3. Expose them to different languages. Research shows that kids who are exposed to more than one language show an increased ability to take others’ perspectives, which is, basically, empathy. This held true both for kids who grew up in bilingual households and for kids who were merely exposed to multiple languages, which makes it sound a lot more realistic for those of us, like me, who aren’t bilingual. 

So if you want a tangible tool for how to increase empathy in children, it may be time to brush off that old high school Spanish textbook – or maybe find someone in your local community who wants to have coffee and do a language exchange. 

For an in-depth look at these experiments, check out this article from The Atlantic. Muy interesante, no?

4. Encourage them to read books with complex characters. Reading literary fiction, specifically, has been shown to increase empathy in children. These findings come from a fascinating series of studies led by Emanuele Castano, a social psychologist at The New School in New York City.
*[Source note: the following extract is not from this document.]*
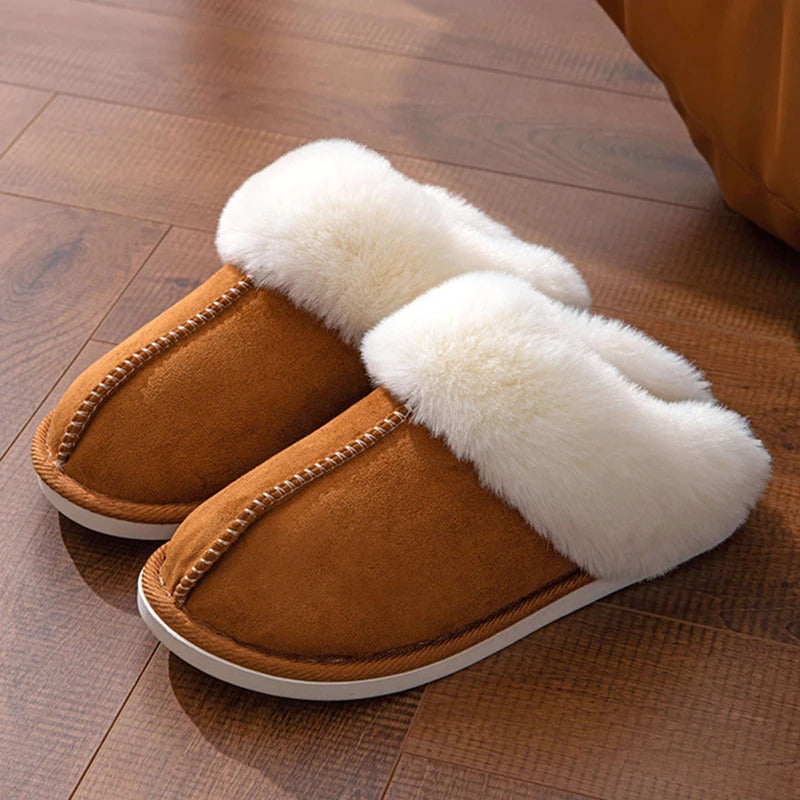 Fluffy Fur House Slippers Winter 2024 Fashion Warm Plush Couple Cotton Shoes Women Faux Suede Indoor Bedroom Couple Slippers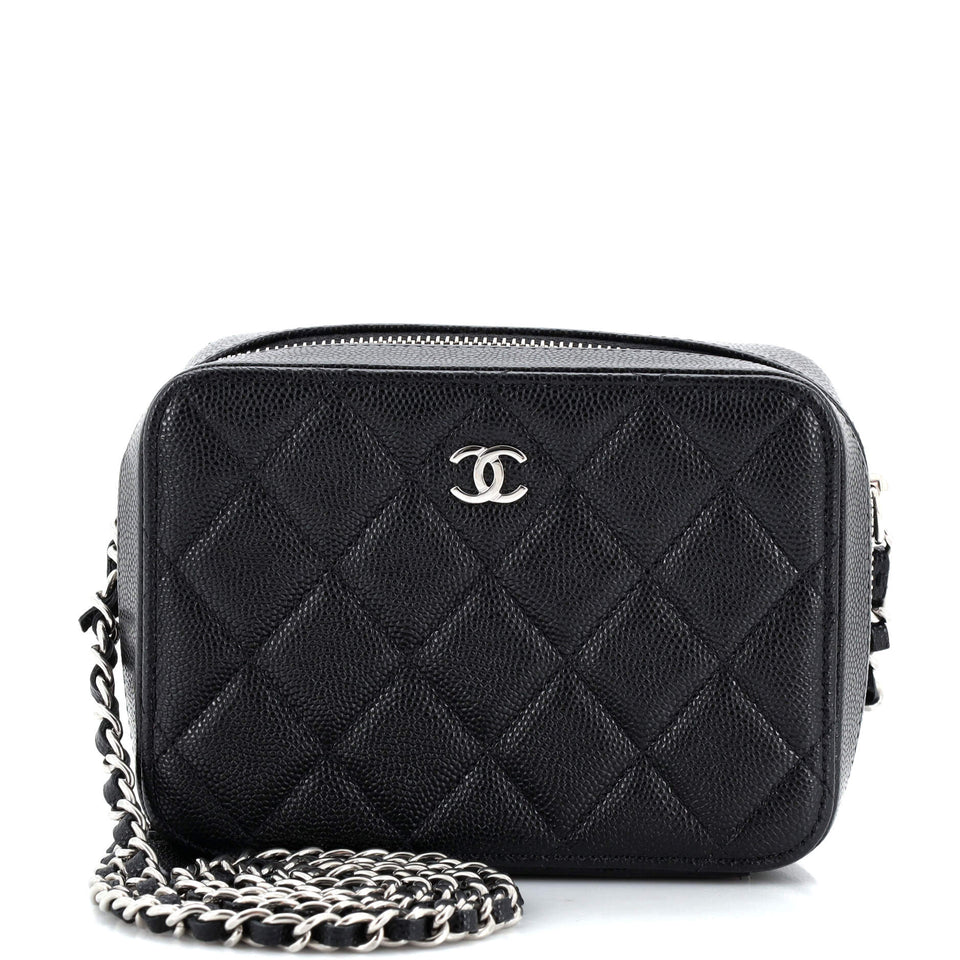CHANEL Square CC Chain Camera Bag Quilted Caviar Mini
In the studies, participants were split up into different reading groups based on genre: popular fiction, literary fiction, nonfiction, or nothing – and then given a test to measure their ability to infer and understand other people’s emotions.

The findings were remarkable. When the participants read nothing, non-fiction, or popular fiction, their results were unimpressive. But reading literary fiction led to big increases in the reader’s ability to empathize.

How could this be? Literary fiction books tend to look into the psychological complexities of characters. These interesting, complex characters drive the story, and we as readers are emotionally involved in their desires and motivations. The inner lives of the characters are not easily discerned but rather warrant deeper exploration, which is often revealed in layers throughout the book. And it turns out that this increase in empathy translates to real life.

Imagine the possibilities here. You may not be able to hang out with a family of undocumented immigrants, or someone living in war-torn Mosul, Iraq, but that doesn’t mean you can’t actively increase your empathy with them. Through literary fiction, we can practice empathy globally – helpful, and even essential, in a complex, globalized world.

5. Provide a safe, loving environment. What does this have to do with feeling empathy for others? Research out of Sierra Leone has found that children who suffer from maltreatment have a tendency to misidentify emotions as anger. This has a number of potentially dire consequences, one of which is that it makes feeling empathy basically impossible. What happens in your brain under these circumstances is truly remarkable, and outlined in this amazing article by Joshua Freedman, Hijacking. Here’s a snippet:

When you perceive the threat of an angry person (whether that’s true or not is irrelevant), your thalamus, the air traffic controller of your brain, bypasses the cortex (the thinking part of your brain where it normally sends data) and sends it directly to the amygdala (the threat response center). But the amygdala can only react based on previously stored patterns. Facing a real threat, this speed can save your life. But if you are misidentifying another, less threatening emotion as anger, then this was an opportunity to practice empathy that got hijacked by your amygdala!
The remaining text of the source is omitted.